The locality runtime is significantly different than the vanilla runtime. This does not mean much because the runtime as a whole is unimportant to our model. Figure 5 and Figure 6 confirm that our transformations have indeed improved our model.
There does not seem to be any trend in the residuals and the residuals are normally distributed. Our new model is sound and the results are representative. For our other locality indicators, we found the same trends in the data. For brevity, we will apply the natural log transformation at the beginning of our analysis.
Our next indicator is the L3 cache misses serviced by remote DRAM. We begin again with the calculation of effect, this time applying a natural log transformation. This calculation is done in Table 8.
The locality runtime does result in fewer L3 cache misses serviced by remote DRAM. The ANOVA analysis in Table 9 will tell us if the runtime is important to this model.
The effects pass the F tests. Unfortunately, our runtime is not important in this model, only explaining 8% of the total variation. The contrast test in Table 10 shows that the two runtimes are significantly different than each other.
The visual tests in Figure 7 and Figure 8 show no trends in the residuals and the residuals are normally distributed, so we may be confident in this model.
The final locality indicator is the L3 misses serviced by local DRAM. Table 11 shows the calculation of the effects for this indicator after the natural log transformation is applied.

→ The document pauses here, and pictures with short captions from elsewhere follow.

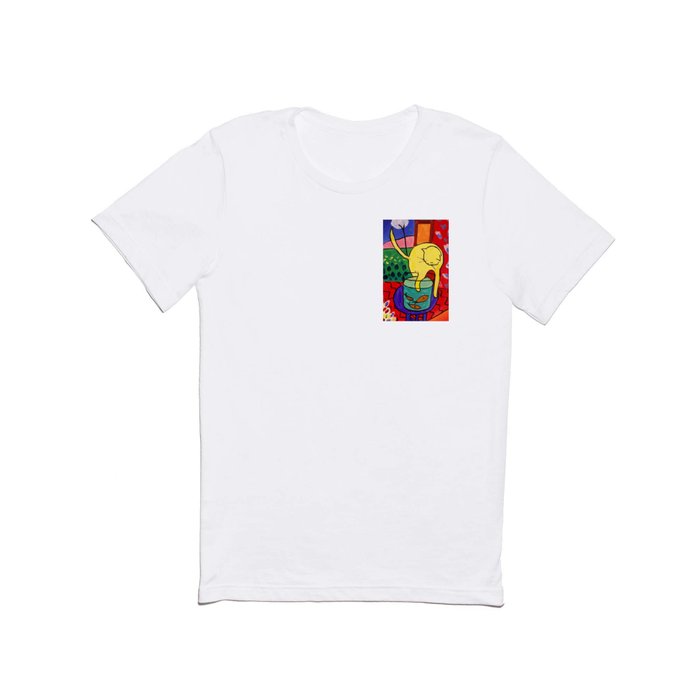 Cat with Red Fish- Henri Matisse T Shirt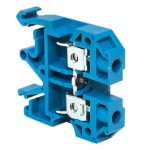 Колодка клеммная EKF PROxima JXB-6-35 6 кв.мм синяя (50 шт.) (plc-jxb-6/35b)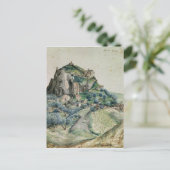 Carte Postale Vue de la vallée de l'Arco dans le Tyrol, 1495 (Debout devant)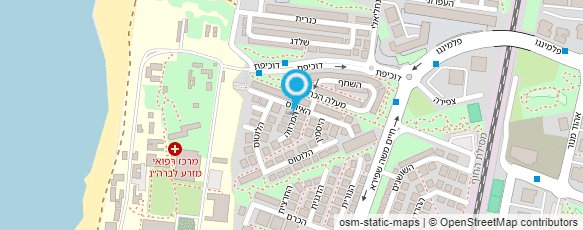 מפת הגעה אל ד"ר טרזובה לידיה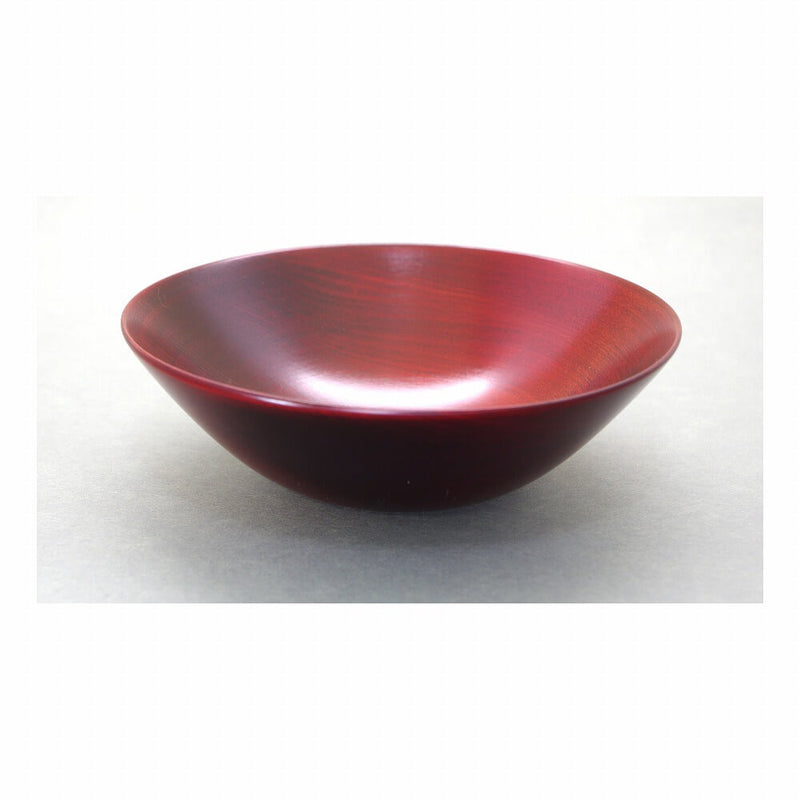 All natural Wood & Urushi Lacquer Medium deep bowl from Yamanaka Lacquerware 山中漆器 by Kogei Styling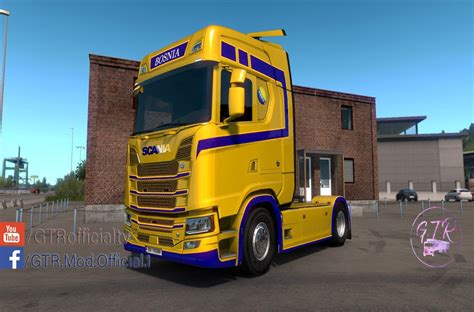 SKIN BOSNIA FOR SCANIA S NEXT GEN V1 0 GamesMods Net FS19 FS17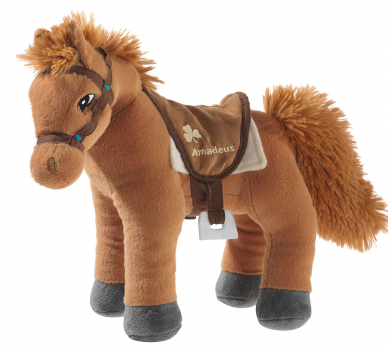 Bibi Tina 637771 Plüschtier Pferd braun 30 cm  Amazon.de  Spielzeug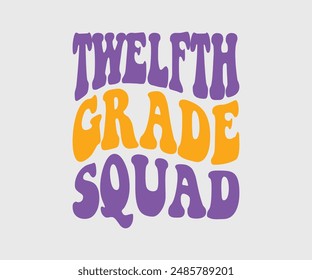  Seventh, Eighth, Ninth, Tenth, Eleventh, Twelfth, Thirteen, Fourteen, Fifteen,  Grade Squad, Teacher Gift ,First Day Of School ,Kids Back To School T shirt, Gaming School T shirt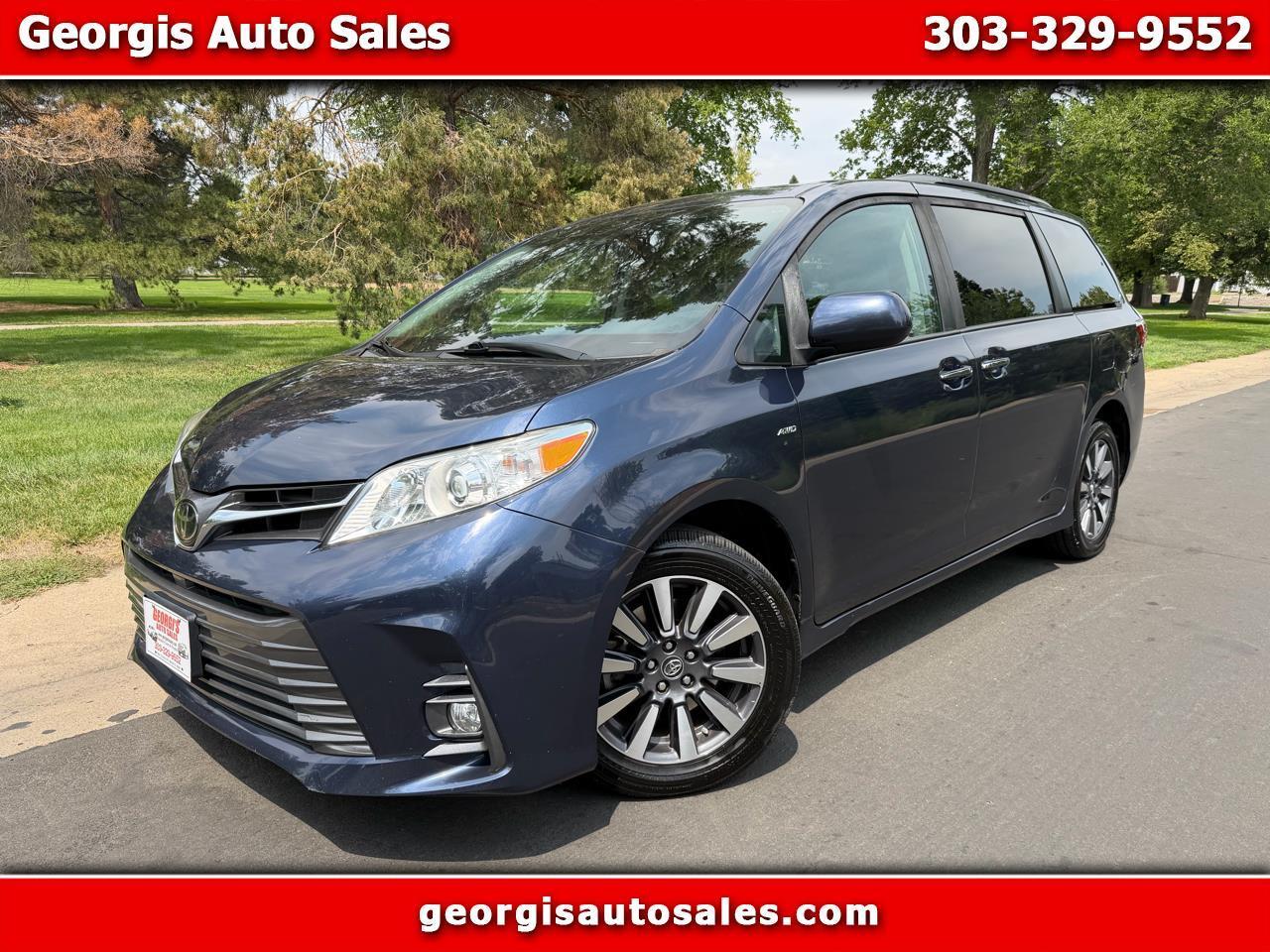 Toyota Sienna XLE 7-Passenger AWD 2019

The effect of the locality runtime is still negative. This is the opposite of what we would expect if the locality metric was increasing, as stated earlier. The ANOVA analysis in Table 12 shows that, like the others, this indicator is unimportant to the model.
All of our effects pass the F test. This indicator fairs far worse than the other two. The ANOVA analysis shows that the runtime explains effectively 0% of the variation in the model. The contrast test in Table 13 shows that the two runtimes are indistinguishable from each other.

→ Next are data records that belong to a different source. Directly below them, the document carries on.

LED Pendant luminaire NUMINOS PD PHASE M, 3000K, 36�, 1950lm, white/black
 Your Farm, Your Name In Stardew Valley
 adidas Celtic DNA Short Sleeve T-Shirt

The visual test for this model in Figure 9 and Figure 10 show that there are no trends in the residuals and the residuals are normally distributed. We can trust this model is representative.
Two out of the three indicators for our locality metric moved in the direction that we expected them to, albeit that they are not important to the models. It is possible that the third indicator is showing an increase in locality as well. If the pre-fetchers are aggressively pulling in cache lines from the local memory, there might be an overall reduction in cache misses, explaining the trend we see. However, we do not have enough information to know if this effect is occurring. Ergo, it is inconclusive if we are increasing locality using our modified runtime.

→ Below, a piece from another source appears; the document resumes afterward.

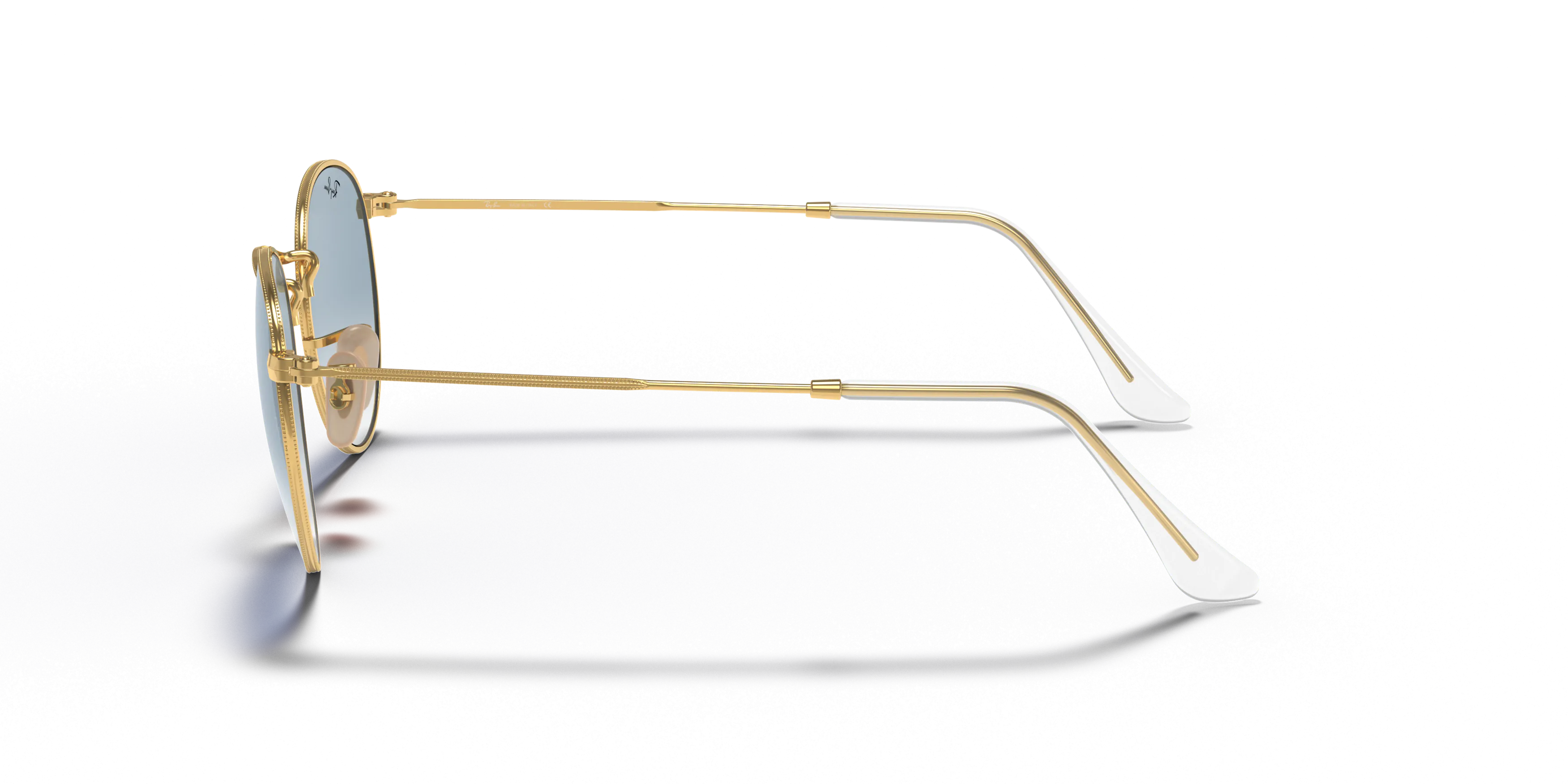 Angle_Left02, Ray-Ban Round Flat Lenses RB 3447N Sunglasses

Our second indicator, speed up, shows whether or not our runtime has any effect on the overall performance of the computation. If this metric turns out to be important and significant, it means that our runtime does actually contribute to a performance increase. The calculation of the effects is shown in Table 14.
Here we see a positive increase in speed up in the locality runtime over the vanilla runtime. So, there is some sort of performance improvement between the two. The ANOVA analysis in Table 15 however shows that performance increase is unimportant to the model.
The contrast between the two runtimes in Table 16 shows that they are significantly different than each other, but again the effect is unimportant to the overall model.
The visual tests in Figure 11 and Figure 12 show that this model does not have any trends in its residuals and that the residuals are normally distributed.
Overall, we cannot conclude that our runtime has any important effect on the performance. The locality metric not does not yield any important effects on the execution of the computation and does not move in the expected direction. The speed up metric is also mostly unaffected by our runtime. We hope to improve upon our current runtime by refactoring the changes into a simplified version of the vanilla runtime. Hopefully, this will result in better speed up and more locality.